Source data:
[Start of Attachment]
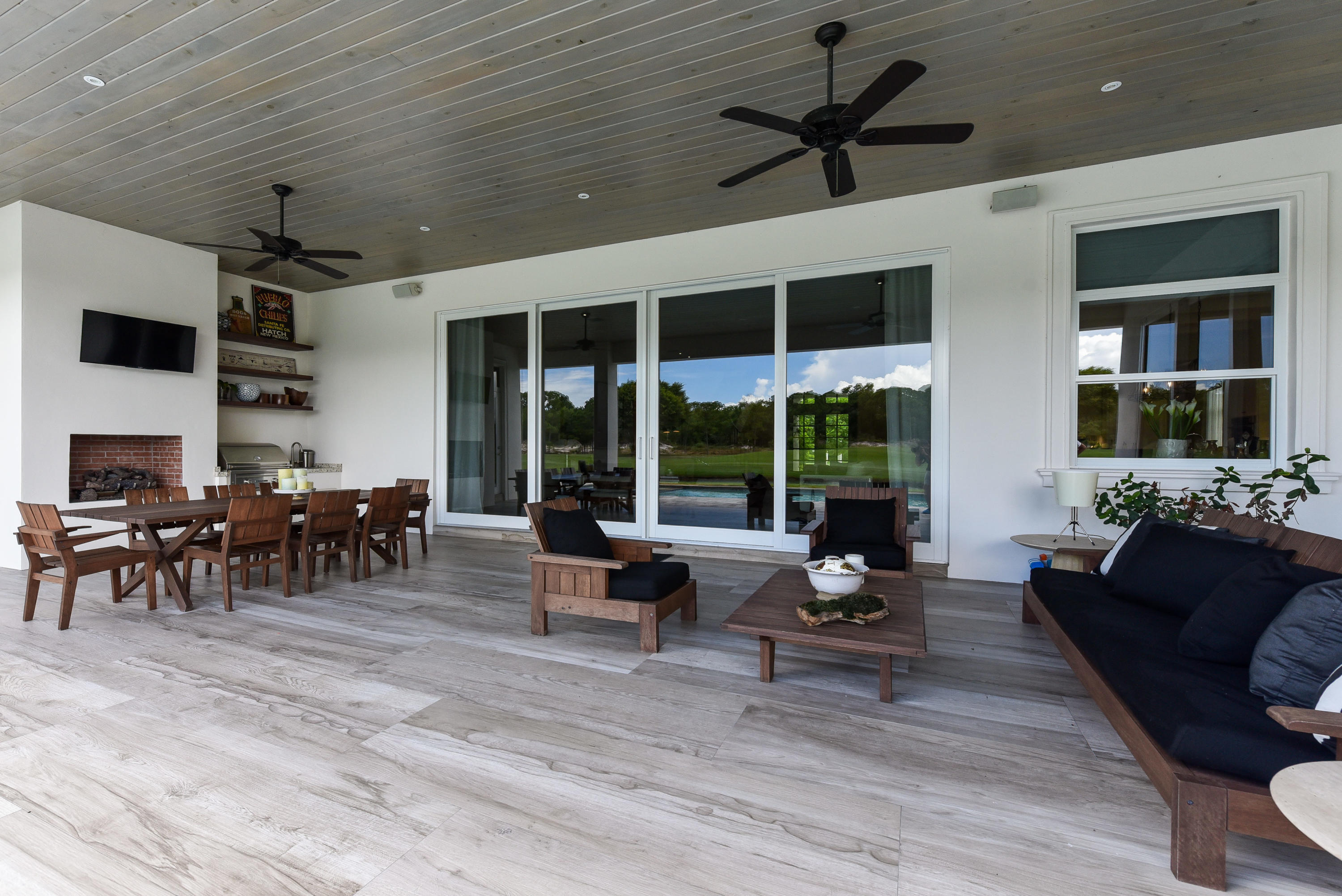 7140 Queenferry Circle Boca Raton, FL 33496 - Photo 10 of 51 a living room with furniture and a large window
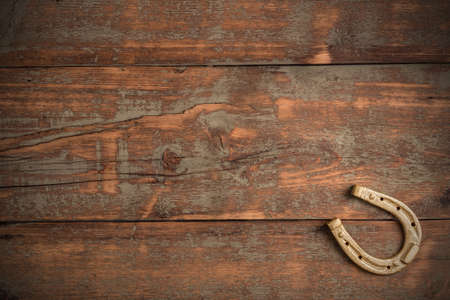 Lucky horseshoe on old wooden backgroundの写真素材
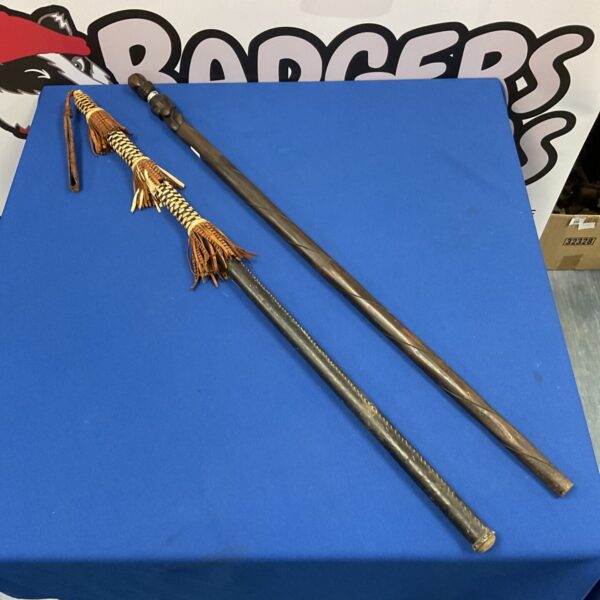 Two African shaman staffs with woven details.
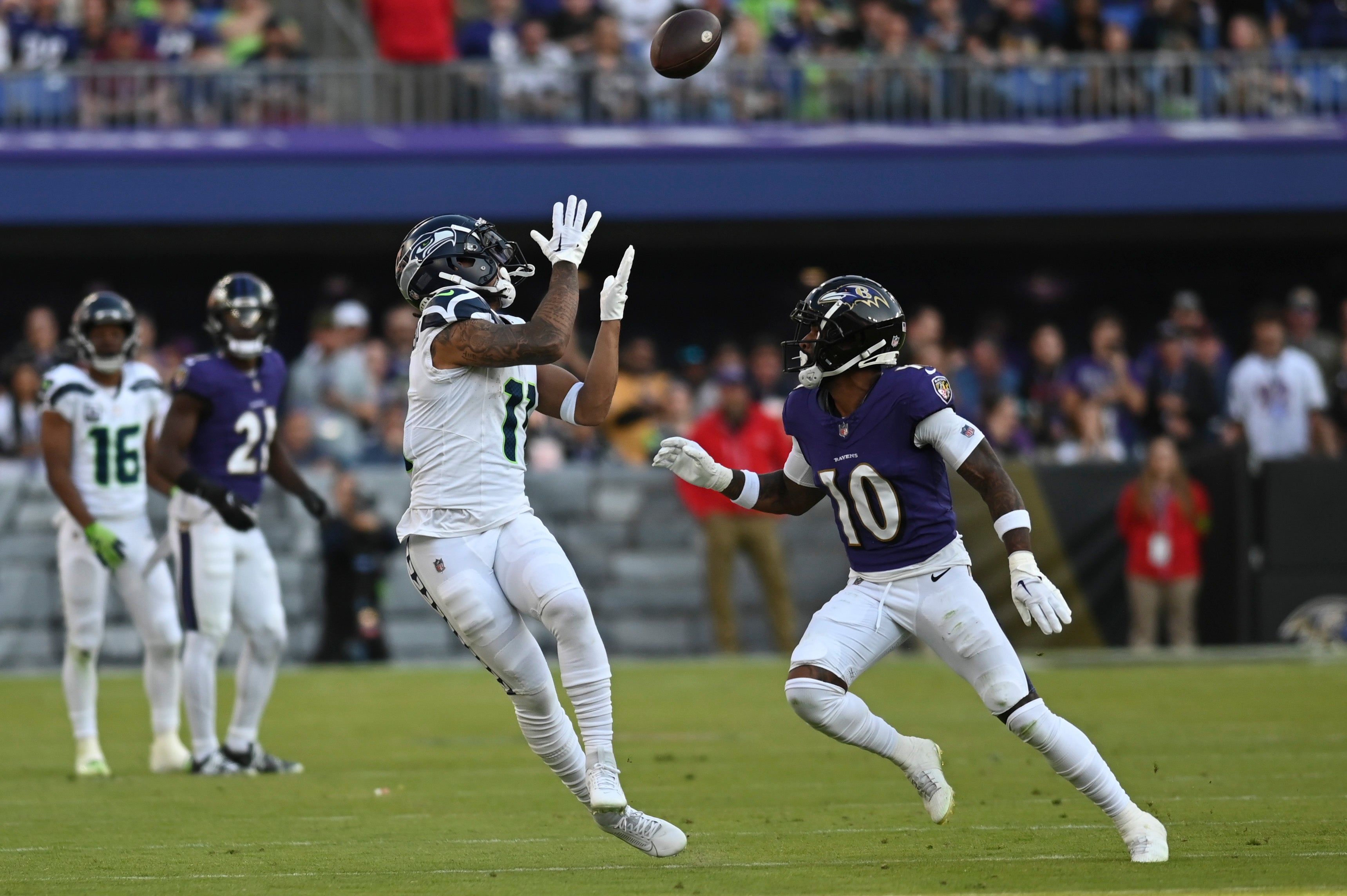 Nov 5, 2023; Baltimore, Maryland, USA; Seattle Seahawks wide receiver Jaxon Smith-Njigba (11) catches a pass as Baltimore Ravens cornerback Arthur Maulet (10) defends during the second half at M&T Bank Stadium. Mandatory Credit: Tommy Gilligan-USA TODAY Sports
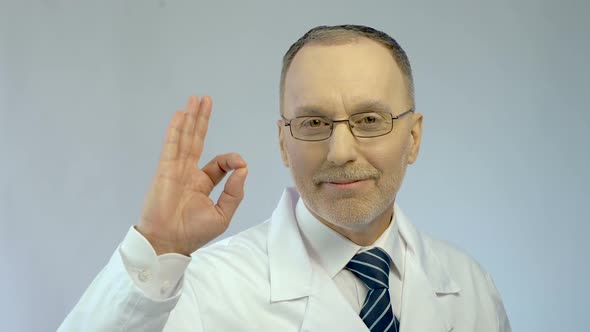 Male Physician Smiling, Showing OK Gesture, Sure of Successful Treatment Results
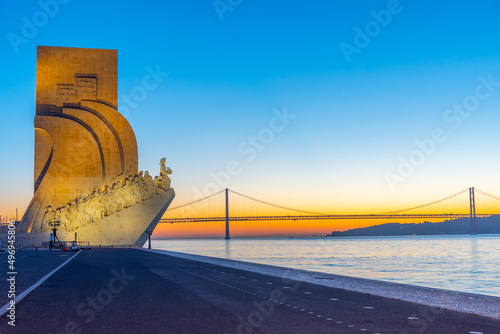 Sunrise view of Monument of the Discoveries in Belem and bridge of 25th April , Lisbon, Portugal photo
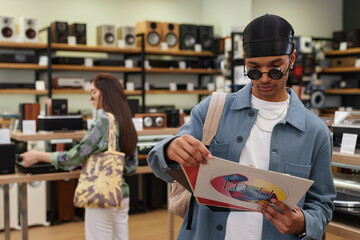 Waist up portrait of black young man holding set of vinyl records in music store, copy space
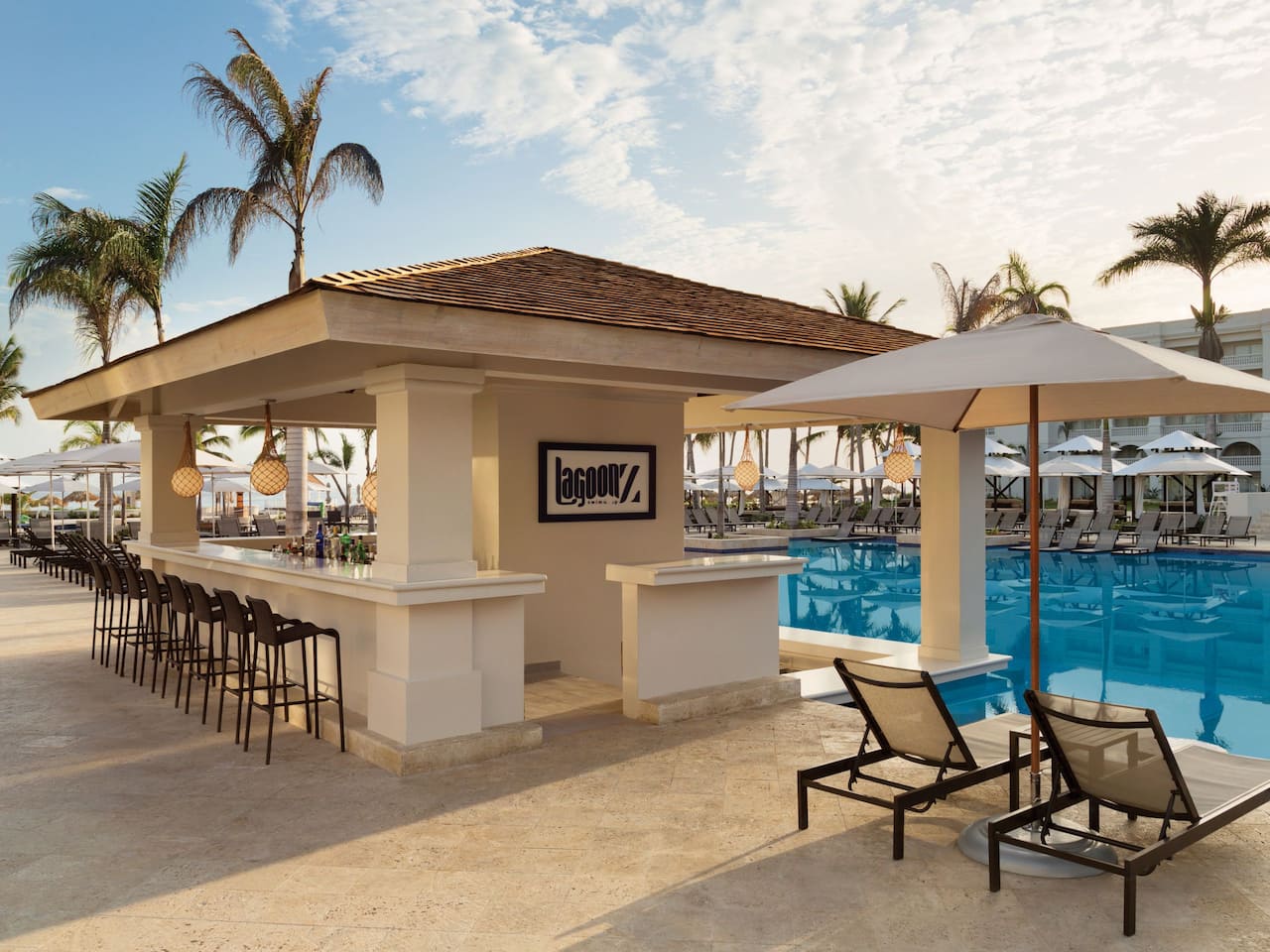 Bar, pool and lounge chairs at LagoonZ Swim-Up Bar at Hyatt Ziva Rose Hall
[End of Attachment]
> **Required action**
Using the records above, print exactly the run of lines that starts with the line with "Lucky horseshoe on" and goes on through the line with "Waist up portrait", pictures excluded.

> **Answer box**
 Lucky horseshoe on old wooden backgroundの写真素材
 Two African shaman staffs with woven details.
 Nov 5, 2023; Baltimore, Maryland, USA; Seattle Seahawks wide receiver Jaxon Smith-Njigba (11) catches a pass as Baltimore Ravens cornerback Arthur Maulet (10) defends during the second half at M&T Bank Stadium. Mandatory Credit: Tommy Gilligan-USA TODAY Sports
 Male Physician Smiling, Showing OK Gesture, Sure of Successful Treatment Results
 Sunrise view of Monument of the Discoveries in Belem and bridge of 25th April , Lisbon, Portugal photo
 Waist up portrait of black young man holding set of vinyl records in music store, copy space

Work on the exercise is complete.